Post by jsh20910 on Nov 22, 2014 13:13:48 GMT -8
I noticed a poweliks infection in early November. Thanks to Quads and the team, I am in the process of being assisted by Qmalwareremove to clean the affected machine. (Still working on that -- it's a long grocery store line).
After figuring out what was going on with poweliks and establishing a removal request thread, I have left my computer disconnected from the internet, except when I need to download or upload repair information for the removalists.
For a day or two my computer was probably online with poweliks before I realized it was there. I thereafter changed all passwords to bank accounts immediately, but of course, there is a ton of info in my computer.
What I wanted to post/ask about are the statements I see in online research that Poweliks opens a back door and invites in all sorts of other malware - scariest of which seems to be the Ransomware. I'm wondering what other experiences the many other people in this Poweliks checkout line have been having?
It may be just a coincidence, but since discovering Poweliks (a) two weeks later I had a credit card fraud attempted on my credit card - someone ordered a MacBook for pickup at a NY area Apple store (I was called by Apple security, who thought it looked suspicious). Cancelled the card of course. Couldn't get Apple security, my bank card security, the Apple store or the police in the area of the Apple store to be at all interested in nabbing the thief when he/she came to pick up the MacBook.

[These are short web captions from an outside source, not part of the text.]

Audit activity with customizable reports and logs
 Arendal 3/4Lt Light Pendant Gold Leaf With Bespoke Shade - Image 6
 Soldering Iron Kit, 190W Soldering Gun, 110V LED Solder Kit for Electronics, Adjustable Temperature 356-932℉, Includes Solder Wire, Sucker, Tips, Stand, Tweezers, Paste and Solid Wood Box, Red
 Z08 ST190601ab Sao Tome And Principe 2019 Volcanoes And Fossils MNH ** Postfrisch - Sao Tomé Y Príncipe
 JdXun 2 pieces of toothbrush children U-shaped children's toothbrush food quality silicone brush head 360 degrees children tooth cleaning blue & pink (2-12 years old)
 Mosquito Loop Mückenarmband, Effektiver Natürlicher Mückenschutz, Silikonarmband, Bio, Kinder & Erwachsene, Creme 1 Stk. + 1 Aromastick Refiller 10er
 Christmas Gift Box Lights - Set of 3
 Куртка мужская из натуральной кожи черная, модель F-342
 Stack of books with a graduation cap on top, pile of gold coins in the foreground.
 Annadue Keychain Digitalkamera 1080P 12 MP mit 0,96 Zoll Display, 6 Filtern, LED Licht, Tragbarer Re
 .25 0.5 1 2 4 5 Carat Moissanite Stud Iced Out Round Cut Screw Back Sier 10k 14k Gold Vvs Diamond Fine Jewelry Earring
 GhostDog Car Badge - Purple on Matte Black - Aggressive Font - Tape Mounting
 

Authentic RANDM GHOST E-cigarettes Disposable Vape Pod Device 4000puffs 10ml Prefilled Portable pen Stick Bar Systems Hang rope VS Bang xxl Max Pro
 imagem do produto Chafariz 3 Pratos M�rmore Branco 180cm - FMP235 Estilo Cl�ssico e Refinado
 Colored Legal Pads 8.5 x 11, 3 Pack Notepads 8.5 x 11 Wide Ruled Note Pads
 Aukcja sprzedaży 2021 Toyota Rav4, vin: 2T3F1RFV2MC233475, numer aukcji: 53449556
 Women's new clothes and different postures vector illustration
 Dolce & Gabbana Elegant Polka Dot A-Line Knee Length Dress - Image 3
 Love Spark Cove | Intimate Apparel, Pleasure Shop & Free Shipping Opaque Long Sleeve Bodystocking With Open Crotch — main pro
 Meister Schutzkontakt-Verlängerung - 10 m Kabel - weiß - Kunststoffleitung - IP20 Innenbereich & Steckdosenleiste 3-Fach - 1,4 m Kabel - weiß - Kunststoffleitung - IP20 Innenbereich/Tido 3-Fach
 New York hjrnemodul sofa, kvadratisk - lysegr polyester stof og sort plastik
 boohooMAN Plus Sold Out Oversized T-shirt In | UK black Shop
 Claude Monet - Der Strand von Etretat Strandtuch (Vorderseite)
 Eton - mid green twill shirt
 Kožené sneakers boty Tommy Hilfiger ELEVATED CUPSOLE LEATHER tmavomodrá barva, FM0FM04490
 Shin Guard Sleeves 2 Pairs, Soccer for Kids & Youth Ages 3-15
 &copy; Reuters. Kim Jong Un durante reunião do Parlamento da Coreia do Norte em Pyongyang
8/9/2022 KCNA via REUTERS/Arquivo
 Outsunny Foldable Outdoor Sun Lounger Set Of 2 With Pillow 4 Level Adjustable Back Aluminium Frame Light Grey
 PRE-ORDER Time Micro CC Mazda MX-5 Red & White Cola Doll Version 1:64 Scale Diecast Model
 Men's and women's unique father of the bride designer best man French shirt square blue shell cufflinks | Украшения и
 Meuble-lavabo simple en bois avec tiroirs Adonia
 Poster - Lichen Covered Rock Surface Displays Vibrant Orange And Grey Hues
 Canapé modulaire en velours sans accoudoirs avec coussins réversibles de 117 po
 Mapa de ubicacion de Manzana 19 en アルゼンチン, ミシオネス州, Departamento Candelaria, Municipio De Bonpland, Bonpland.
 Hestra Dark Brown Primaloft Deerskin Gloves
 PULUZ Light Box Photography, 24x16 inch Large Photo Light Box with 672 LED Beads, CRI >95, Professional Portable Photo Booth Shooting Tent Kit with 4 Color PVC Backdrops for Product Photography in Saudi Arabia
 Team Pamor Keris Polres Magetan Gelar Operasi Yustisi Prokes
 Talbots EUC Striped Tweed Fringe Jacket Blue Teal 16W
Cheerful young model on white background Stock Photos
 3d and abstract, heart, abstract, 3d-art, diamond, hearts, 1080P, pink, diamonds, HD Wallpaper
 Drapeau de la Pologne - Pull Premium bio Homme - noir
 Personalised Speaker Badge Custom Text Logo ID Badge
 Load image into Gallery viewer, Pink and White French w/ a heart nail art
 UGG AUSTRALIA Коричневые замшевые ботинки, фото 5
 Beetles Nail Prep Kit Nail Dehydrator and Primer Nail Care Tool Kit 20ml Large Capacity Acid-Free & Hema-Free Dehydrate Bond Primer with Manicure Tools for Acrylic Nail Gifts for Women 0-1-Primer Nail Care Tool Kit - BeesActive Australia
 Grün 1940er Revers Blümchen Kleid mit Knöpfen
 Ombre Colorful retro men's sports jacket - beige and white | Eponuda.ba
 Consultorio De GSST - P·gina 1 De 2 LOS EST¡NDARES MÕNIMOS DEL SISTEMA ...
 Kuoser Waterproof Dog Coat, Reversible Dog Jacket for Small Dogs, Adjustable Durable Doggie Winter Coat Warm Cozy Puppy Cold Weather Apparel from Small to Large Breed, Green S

Not much else to be done about that I suppose.
Then today, I got a call on my landline from "Microsoft support" (with a thick Indian accent) telling me that my computer was sending out a signal that there was some sort of problem and they needed to check it out. So I recorded the call and played them for a good while. They got around to asking me to download TeamViewer so they could access my computer. (Gee - I had such a problem down loading that . . .) Ultimately, perhaps since I seemed cooperative, they gave me a number so I could have my IT support call back to clarify the situation. 315-636-4820. Tried #57 to do a call trace, but "call not in the area covered" (so what is that good for?).
Of course, this is the long running Microsoft support scam. See blog.malwarebytes.org/tech-support-scams/#begins. Also see blog.malwarebytes.org/fraud-scam/2013/04/phone-scammers-call-the-wrong-guy-get-mad-and-trash-pc/
Neither of these events alone are unusual, but the coincidence of both of these following shortly after my Poweliks infection is worrisome. Perhaps someone already grabbed files from my computer and is mining it for data to use? So I was wondering:
Is anyone else experiencing a coincident uptick in collateral fraud activity after a Poweliks infection?
Is there a way to know if there remains an exploitable open backdoor on my computer after Poweliks itself is removed?
Would Norton 360 (which I have) or some other active AV system effectively deal with any malware that did come in an open back door?
Can back door access to my computer have also been used to disable my AV program?